No I Ching, existe um Hexagrama chamado O Ferimento da Luz. Esse Hexagrama fala do excesso de luz, fala daquela pessoa que é muito lúcida, muito consciente, que vê tudo. E isso é quase insuportável porque tudo em excesso, fere. Com a luz em excesso, a terra torna-se estéril. Com o excesso de chuva, a terra torna-se inundada. A vida vivida em excesso é consumida rapidamente.
A determinação pode, dessa maneira, gerar excessos. Excesso de convicção, de fé, pode ser transformado em fanatismo. E Lao Tse está nos avisando em relação a isso.

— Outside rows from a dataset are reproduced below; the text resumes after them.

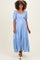 woman wearing a light blue polka dot maternity dress with puff sleeves and a tiered skirt, highlighting her baby bump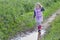 Smiling blonde girl with loose fair hair walking on dirt road rain puddle on purple clover flowers meadow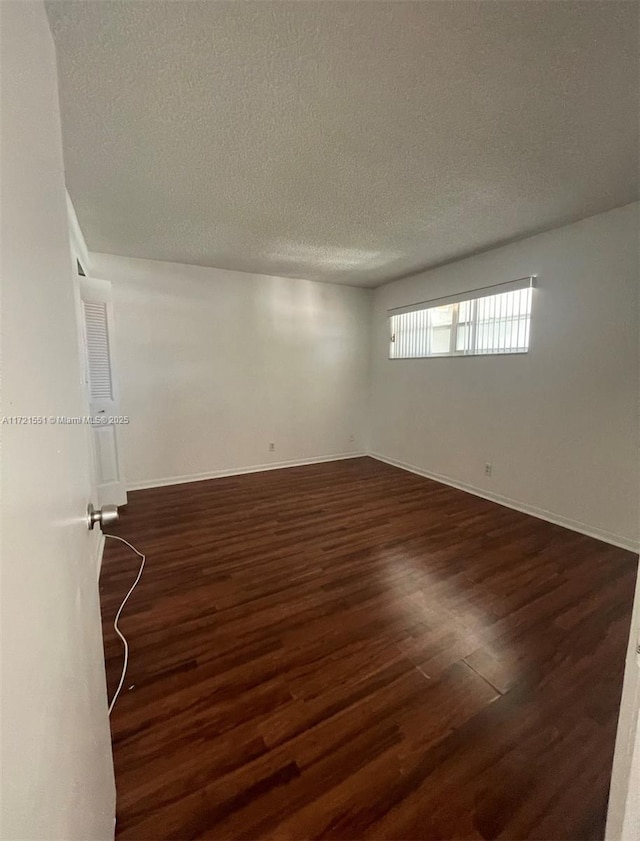 spare room with a textured ceiling and dark hardwood / wood-style floors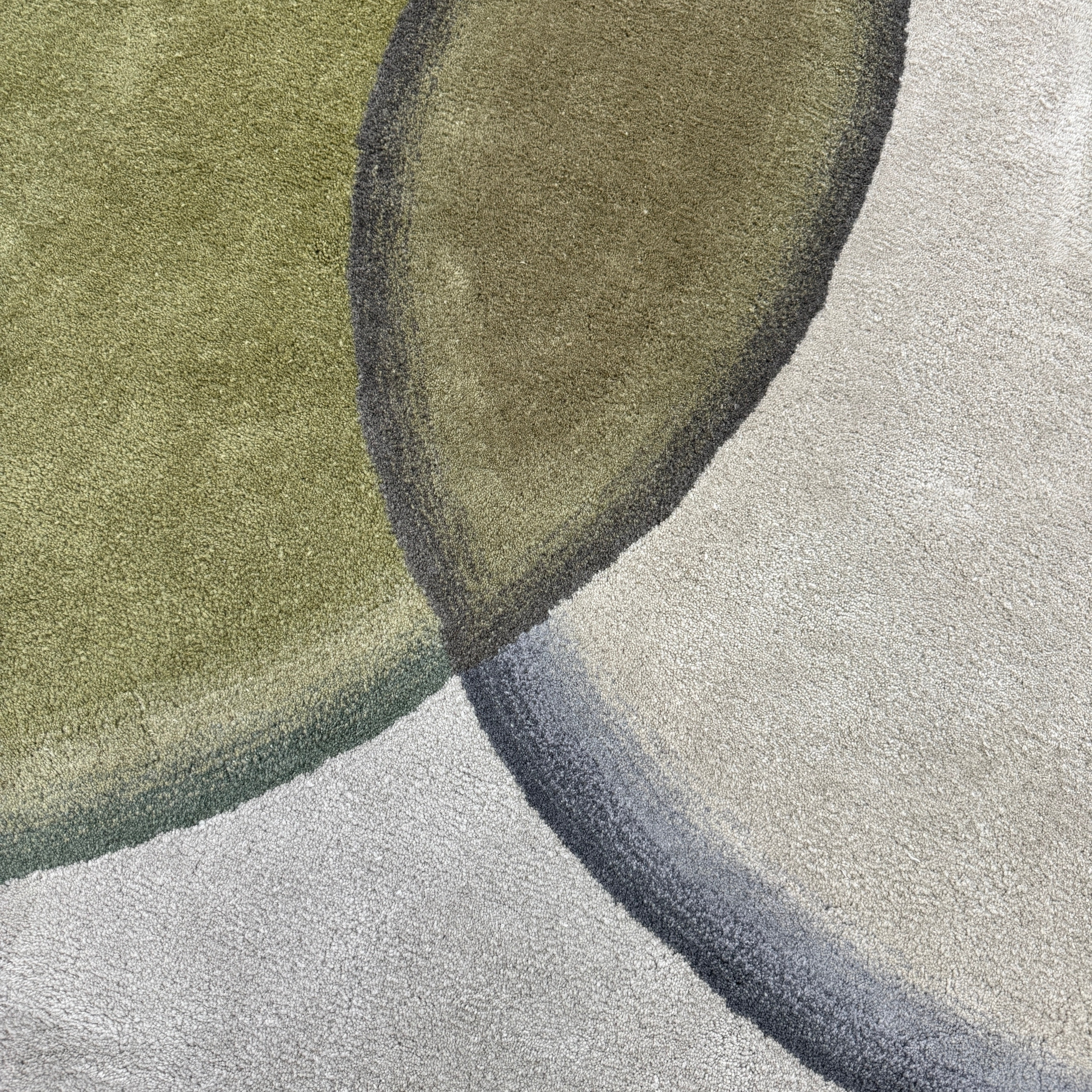 The Gan Crystal Rug by Gan, designed by Charlotte Lancelot, displays three overlapping circles in yellow, green, and beige set against a deep brown background.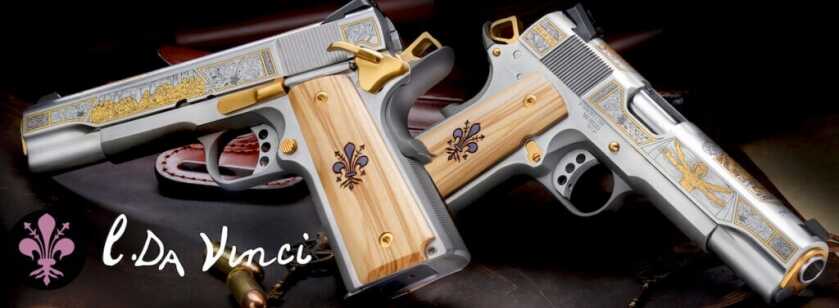 Two ornate 1911 pistols.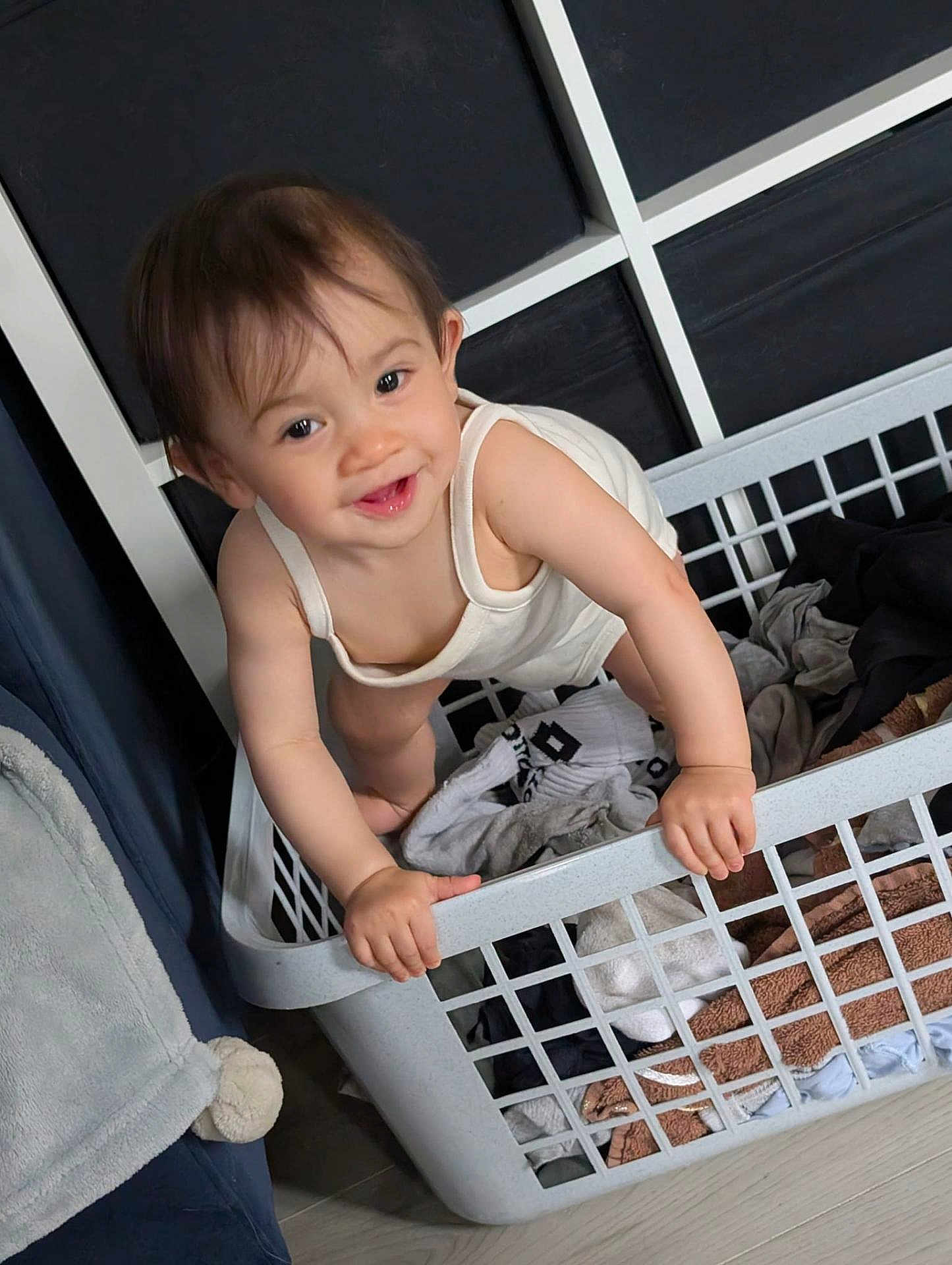 Melody Ai-Ling participe au concours pour gagner de l'argent avec cette photo : baby, basket, child, clothes, curly_hair, cute, expression, fabric, floor, furniture, hands, household, indoor, laundry_basket, person, playful, smile, toddler, white_clothing, young_child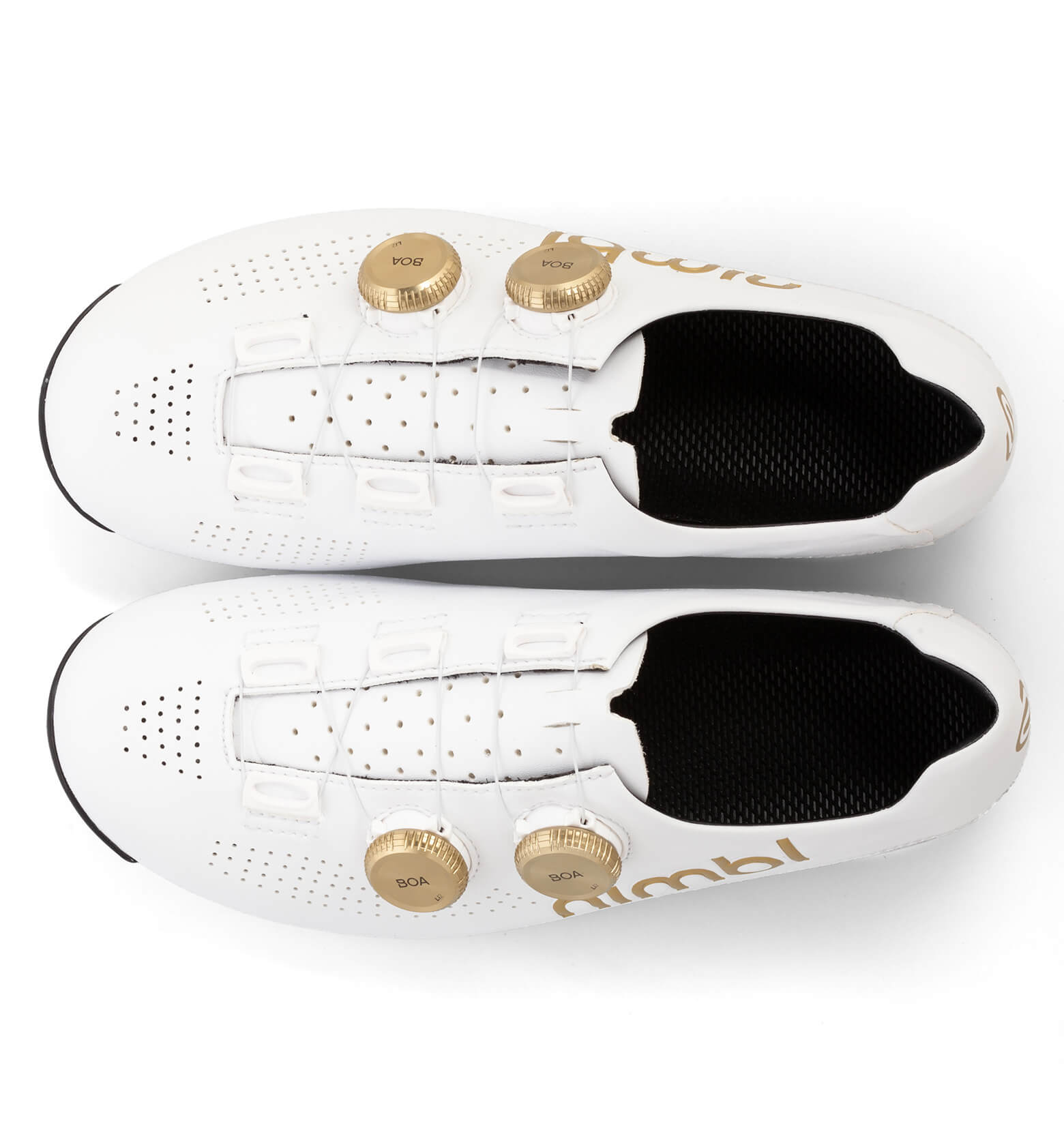 Top view of white Nimbl ULTIMATE cycling shoes with gold dials and perforated uppers on white background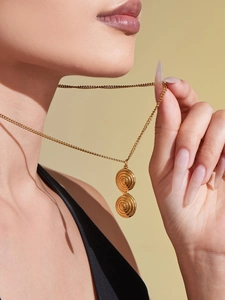Close-up of a double spiral pendant on a gold chain necklace worn by a fashion model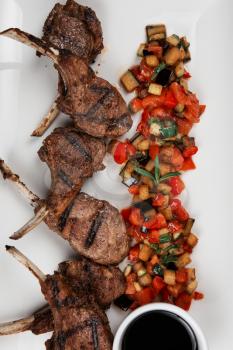 Roasted lamb ribs with vegetables on white plate on black wooden background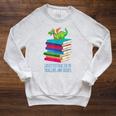 Bookworm Easily Distracted By Dragons And Books Reader Raglan Sleeve Sweatshirt Heather Mustard Bookworm Easily Distracted By Dragons And Books Reader Raglan Sleeve Sweatshirt Heather Mustard
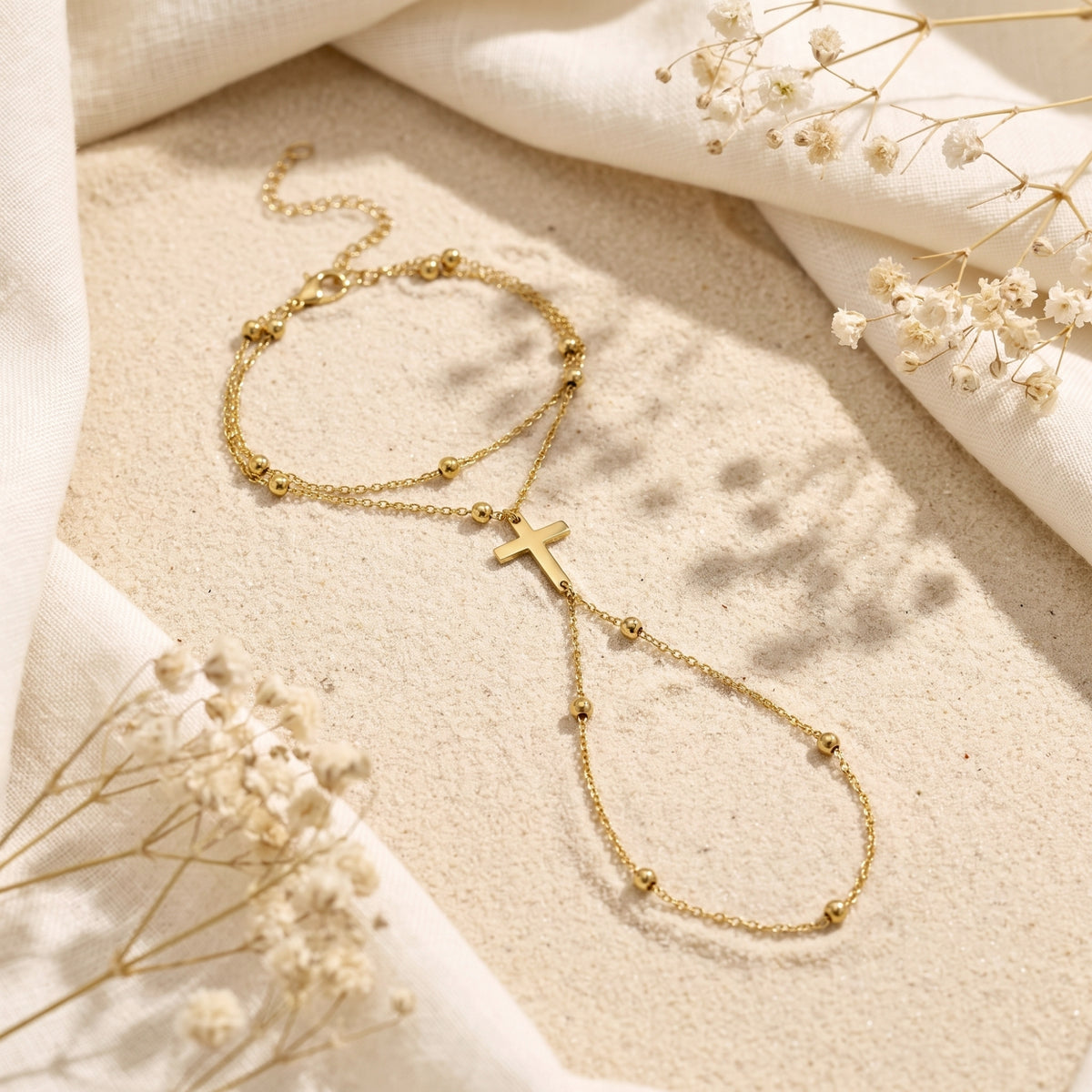 Flat lay view of the gold cross hand chain bracelet on textured sand framed by soft cream fabric.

A determinação sem orgulho, sem vaidade, sem glorificação, sem excessos, significa termos a consciência das coisas sem sermos prisioneiros delas.
Voltando ao texto:
Aquele que utiliza o Caminho para auxiliar o senhor dos homens
O senhor dos homens é o governante. Também é um termo que pode abranger, de uma maneira simbólica, todas as coisas. Nosso corpo é composto de inúmeros segmentos, incontáveis células. Se cada célula é como um ser, é como se fosse o povo pertencente a um país. O corpo é o território. Os órgãos e as vísceras, os ministérios e departamentos. E nossa consciência é o governante, o rei que governa esse reino.
O senhor dos homens é o governante. O governante é o rei. Rei é a Consciência. Teoricamente falando, o senhor dos homens é a consciência que governa cada ser.
Num sistema administrativo, o senhor dos homens é aquele que é capaz de tomar decisões que interferem na vida de todos.
Num sentido mais metafísico, o senhor dos homens é aquele que governa a vida de todos os homens. Quem governa a vida de todos os homens? A consciência. é a consciência que existe em cada ser, em cada pessoa. Essa consciência não é a consciência egóica, particular de cada um de nós, mas sim a consciência que está em toda a parte, aquela que nós chamamos de Consciência Universal.
Na consciência egóica, a minha consciência é diferente da sua. É a consciência da personalidade. É uma consciência que tem uma tendência para agir de uma maneira ou de outra maneira. É uma consciência aparentemente isolada das outras consciências.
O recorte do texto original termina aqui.